If you look at several of the key issues that have left Labour stuck in a never-ending battle between its heart and its head it is clear there is a potential green answer. It is possible to reach out to "aspirational voters" with a pitch based on good green jobs, clean technologies, and capitalism with a purpose. It is possible to love-bomb the alienated business community by offering an ambitious yet credible low carbon infrastructure programme, without compromising your criticism of irresponsible businesses. It is possible to simultaneously address the inter-locking challenges posed by fuel poverty and the giant housing benefit budget with a zero carbon building and energy efficiency retrofit programme. Most of all, it is possible to offer a much more nuanced and effective response to austerity by combining a clear commitment to cuts in certain areas with a Green Investment Bank-led infrastructure investment programme designed to benefit both voters today and future generations.

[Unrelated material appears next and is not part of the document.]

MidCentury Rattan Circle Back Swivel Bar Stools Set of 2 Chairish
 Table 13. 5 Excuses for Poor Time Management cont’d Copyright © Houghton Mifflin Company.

The avalanche of think pieces offering Labour advice on where to go next are good at sketching out visions, and much less good at offering any real practical suggestions. So what would a compelling centre-left climate strategy actually look like?
Obama and Clinton offer a good template, with eye-catching commitments for half a billion solar panels and a willingness to take on the coal industry. Half a billion solar panels might be a bit rich for the UK, but how about a solar array on every school and a Royal Commission on the carbon bubble and the future of the North Sea and UK fracking? How about a proper community energy strategy and an effective pay-as-you-save energy efficiency scheme? How about a serious debate with business leaders about the merits and pitfalls of quarterly reporting and the need to build climate resilience? How about a pledge to take George Osborne's northern powerhouse vision and show once and for all that you cannot power a 21st century economic powerhouse with 20th century energy and transport infrastructure?
This is the start of what a compelling centre-left green offer looks like. In reality it does not look much different to a compelling centre-right offer (witness Angela Merkel's continuing position as ‘The Climate Chancellor'), but that is kind of the point. Ambitious action on climate change represents a centrist and pragmatic strategy built around sensible regulation, effective risk management, technology innovation and much-needed investment, but it is none the weaker, nor less inspiring for that. Best of all, as Merkel and Obama have shown, such a vision offers the Labour leadership candidates an opportunity to spin idealism as pragmatism, and vice versa - a talent they all desperately need to master.
The failure of the Labour leadership candidates to emulate their front-running counterpart on the other side of the Pond and deliver such a vision remains one of the biggest mysteries of a logic-deficient political summer.